Вот хоррор-жанр и додумывает по сути на свой лад древнейшую мечту человечества: о бессмертии души в более-менее земном облике и переселении ее в мир иной приблизительно в том виде, в каком мы его привыкли встречать в жизни; оттого-то готические соборы всегда будут удивлять нас полчищами химер, со всех сторон выглядывающих, выползающих и вылетающих из каменного фасада; здесь сокрыта гениальная идея: божественный дух, поселившийся внутри собора, поневоле выталкивает злых духов наружу и прочь, ибо существовать вместе они не могут, то есть слишком близко не могут; так в гоголевском «Вие» на исходе третьей ночи нечисть с наступлением рассвета не успела уйти в родные пределы демонического мрака и, наподобие гербарийных бабочек на иголках, в остановившемся движении замерла невиданной и недоступной обычно человеческому взгляду чудовищной коллекцией ада.

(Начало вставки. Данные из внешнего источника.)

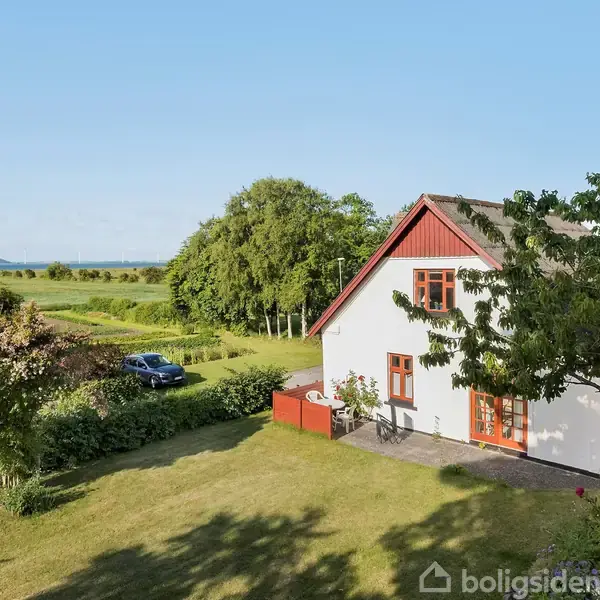 En hvid, to-etagers villa står stille i en velplejet have med græsplæne og træer. I baggrunden ses åbne marker og en blå himmel. En parkeret bil er synlig.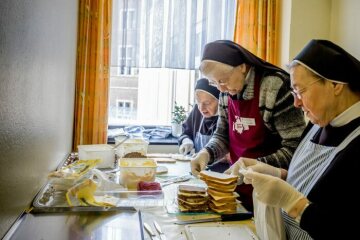 Ordensfrauen des Schervier-Ordens schmieren Butterbrote und verpacken sie in Papiertüten am 25. März 2020 für ihre Lebensmittelausgabe für Obdachlose und andere Bedürftige in Aachen. Sie tragen Einmalhandschuhe.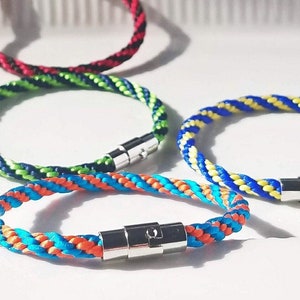 Sports Team bracelets in custom colors: Hand-woven satin thread with your team colors & silver magnetic/pin clasp. Choose 2 from 28 colors!
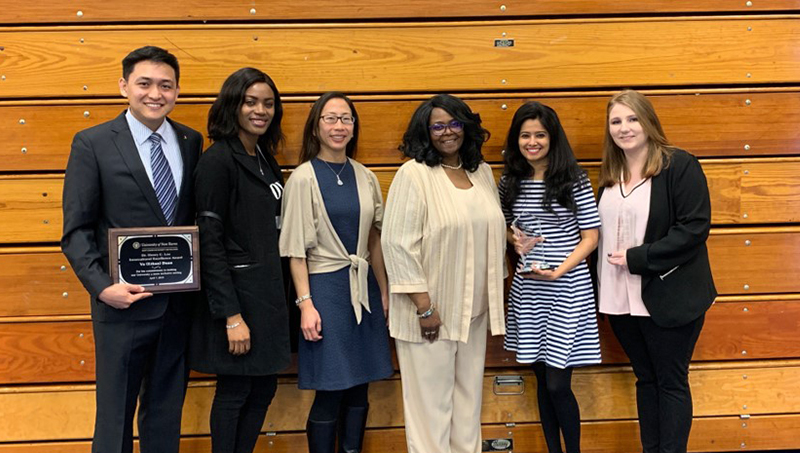 Linda Copney-Okeke poses for a photo along with her colleagues at an awards ceremony.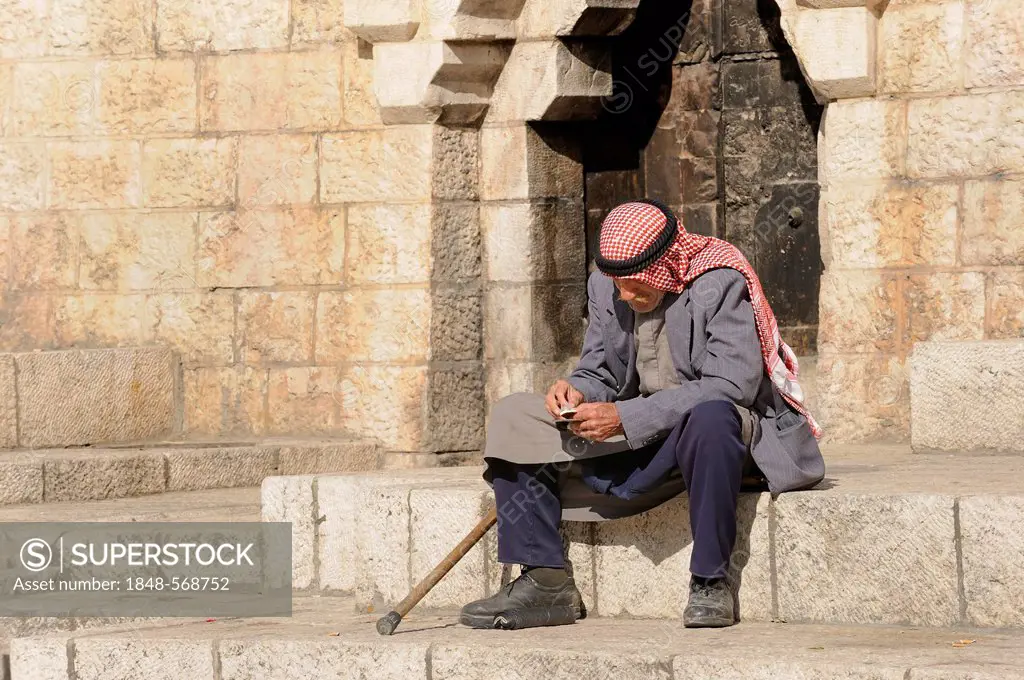Palestinian man with keffiyeh or kafiya sitting on his own on the steps of the Damascus Gate, Old City, Jerusalem, Israel, Middle East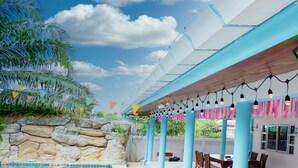 Un espacio al aire libre techado con piscina, pared de piedra y asientos bajo un techo azul con luces colgantes.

Неудивительно поэтому, что в мастерских, обычно располагающихся во дворах великих готических соборов, часто можно наблюдать полуразрушенные скульптуры ангелов и демонов: какой-нибудь анонимный реставратор оставил их рядышком друг против друга, – и вот стоят они, горемыки, в вечном и странном соседстве, и нет уже между ними давным-давно смертельной вражды, но они мирно уставились друг на друга безглазыми ликами.
И кажется, если бы им суждено было вдруг ожить, подобно Буратино под стамеской старого Джузеппе, они перво-наперво подмигнули бы друг другу, а потом, сознавая, что они вынуждены враждовать до скончания века, но победить друг друга не могут по причине изначального положения вещей, тем самым напоминая артистов, играющих смертельных врагов, – они по-деловому принялись бы обсуждать подробности очередной предстоящей сцены.
Так что подобно тому, как океанская глубь всегда спокойна и безмолвна, тогда как на поверхности ее бушуют штормы, этот немой диалог глазами в гримерской вдали от сценических битв, является истинным и глубочайшим прообразом взаимоотношения Добра и Зла, – хотя в жизни, как и полагается, они пребывают в состоянии непримиримой вражды.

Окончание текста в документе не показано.